Audit-Related Fees consists of assurance and
related services by Ernst & Young LLP that are reasonably
related to the performance of the audit or review of our
financial statements and are not reported above under
Audit Fees.
Tax Fees consists of professional services
rendered by Ernst & Young LLP for tax compliance and tax
planning. The services for the fees disclosed under this
category include tax return preparation and technical tax advice.

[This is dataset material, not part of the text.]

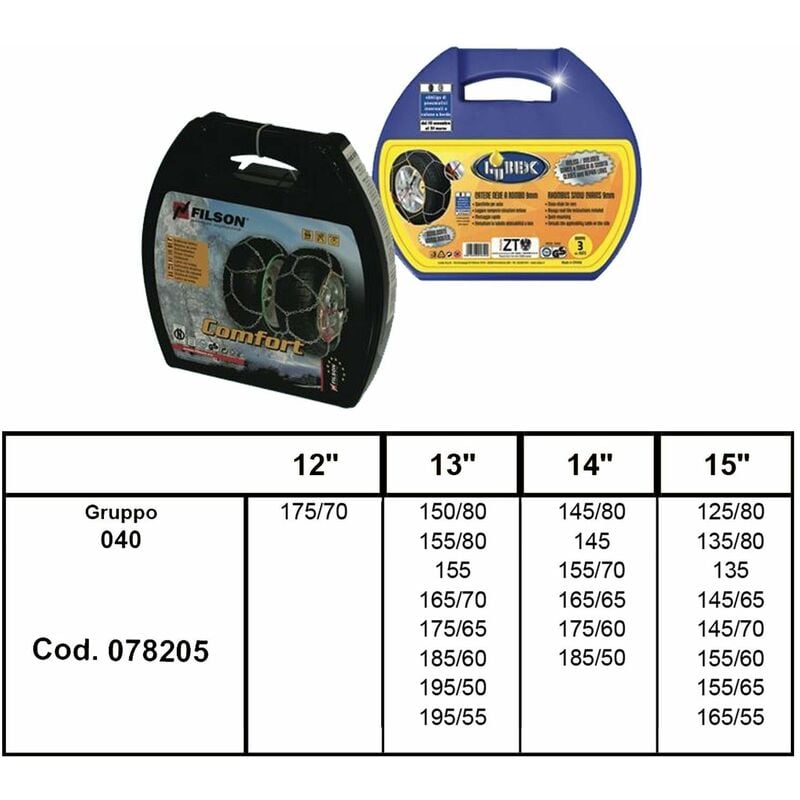 foto del prodotto catene auto omologate 9 mm a rombo cementate montaggio rapido gruppo 040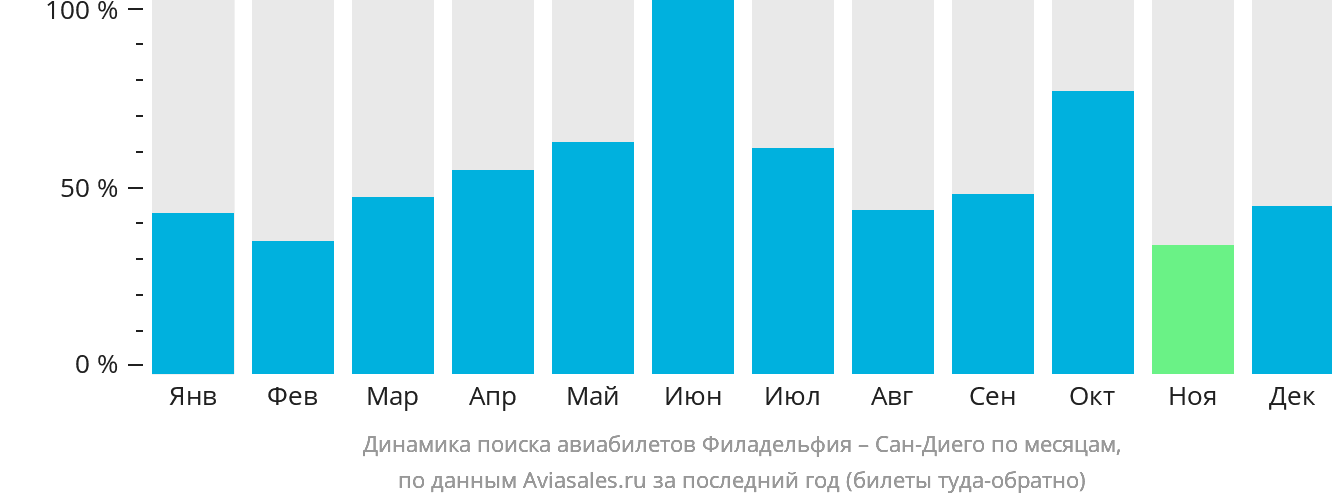 Динамика поиска авиабилетов из Филадельфии в Сан-Диего по месяцам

All Other Fees for fiscal year 2005 was
related to accounting research software.
Pre-approval Policy. The Audit Committee has established
a policy governing our use of Ernst & Young LLP for
non-audit services. Under the policy, the Audit Committee is
required to pre-approve all audit and non-audit services
performed by the Companys independent auditors in order to
ensure that the provision of such services does not impair the
auditors independence. The Audit Committee pre-approves
certain Audit and Audit-Related Services, subject to certain fee
levels. Any proposed services that are not a type of service
that has been pre-approved or that exceed pre-approval cost
levels require specific approval by the Audit Committee in
advance. The Committee periodically revises the lists of
pre-approved service types set forth in the policy as required.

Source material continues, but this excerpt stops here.